Set the material down again exactly, line by line, skipping each picture.

[[ Dataset section open ]]

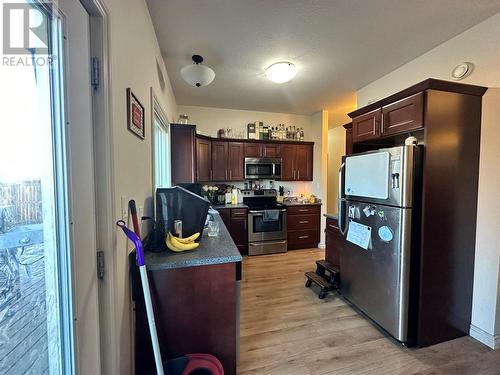 1528 117 Avenue, Dawson Creek, BC - Indoor Photo Showing Kitchen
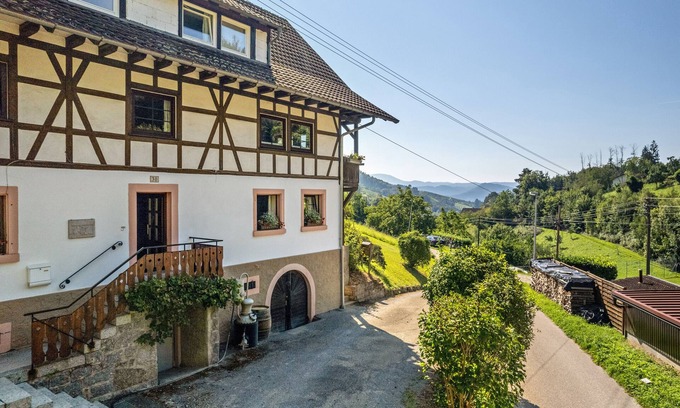 Oberkirch Apartment | Apartment "Decker" with Shared Terrace, Balcony and Wi-Fi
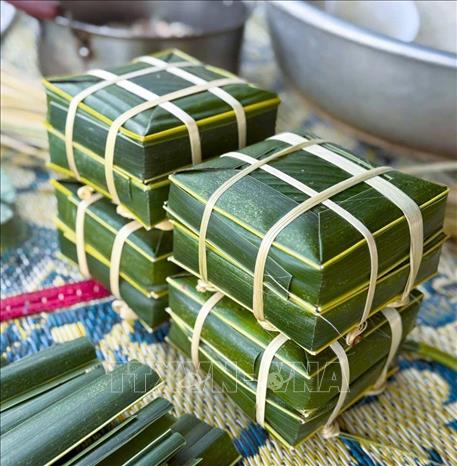 Những cặp bánh chưng khuôn lá dừa. Ảnh: TTXVN phát 
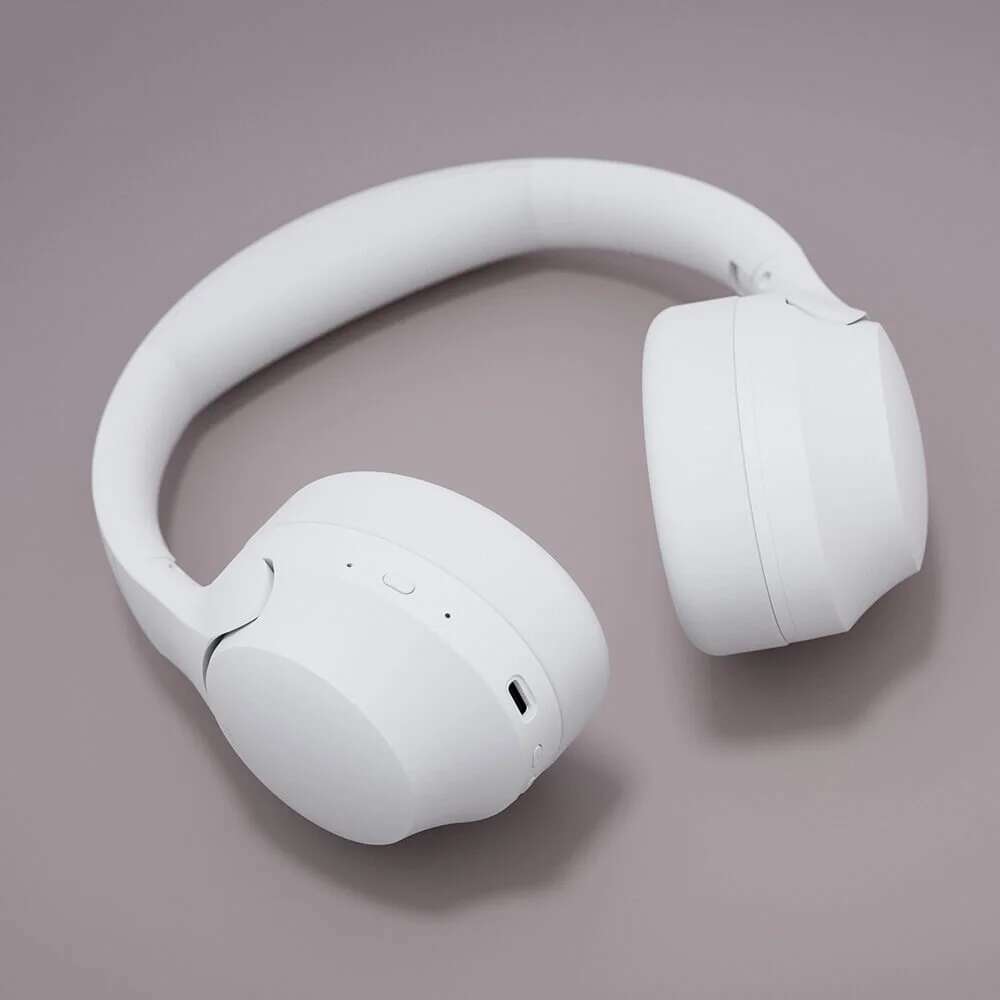 HAPPY PLUGS Play PRO hodetelefoner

[[ Dataset section closed ]]

**Task solution**:
 1528 117 Avenue, Dawson Creek, BC - Indoor Photo Showing Kitchen
 Oberkirch Apartment | Apartment "Decker" with Shared Terrace, Balcony and Wi-Fi
 Những cặp bánh chưng khuôn lá dừa. Ảnh: TTXVN phát 
 HAPPY PLUGS Play PRO hodetelefoner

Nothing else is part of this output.